Exercise instructions => A word-for-word printout of the whole listing is needed.

Data for review =>
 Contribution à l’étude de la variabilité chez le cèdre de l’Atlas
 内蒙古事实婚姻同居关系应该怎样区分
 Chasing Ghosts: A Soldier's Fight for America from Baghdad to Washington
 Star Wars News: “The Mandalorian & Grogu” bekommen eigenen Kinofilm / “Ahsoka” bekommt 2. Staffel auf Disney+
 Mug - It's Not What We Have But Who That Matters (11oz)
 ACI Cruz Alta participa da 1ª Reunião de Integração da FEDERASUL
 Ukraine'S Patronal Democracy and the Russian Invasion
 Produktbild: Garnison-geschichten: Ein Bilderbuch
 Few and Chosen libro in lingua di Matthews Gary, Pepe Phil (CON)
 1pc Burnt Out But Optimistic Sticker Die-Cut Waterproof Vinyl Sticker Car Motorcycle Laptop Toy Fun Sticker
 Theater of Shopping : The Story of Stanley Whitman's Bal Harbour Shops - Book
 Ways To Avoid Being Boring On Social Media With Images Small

Output of the exercise =>
 Contribution à l’étude de la variabilité chez le cèdre de l’Atlas
 内蒙古事实婚姻同居关系应该怎样区分
 Chasing Ghosts: A Soldier's Fight for America from Baghdad to Washington
 Star Wars News: “The Mandalorian & Grogu” bekommen eigenen Kinofilm / “Ahsoka” bekommt 2. Staffel auf Disney+
 Mug - It's Not What We Have But Who That Matters (11oz)
 ACI Cruz Alta participa da 1ª Reunião de Integração da FEDERASUL
 Ukraine'S Patronal Democracy and the Russian Invasion
 Produktbild: Garnison-geschichten: Ein Bilderbuch
 Few and Chosen libro in lingua di Matthews Gary, Pepe Phil (CON)
 1pc Burnt Out But Optimistic Sticker Die-Cut Waterproof Vinyl Sticker Car Motorcycle Laptop Toy Fun Sticker
 Theater of Shopping : The Story of Stanley Whitman's Bal Harbour Shops - Book
 Ways To Avoid Being Boring On Social Media With Images Small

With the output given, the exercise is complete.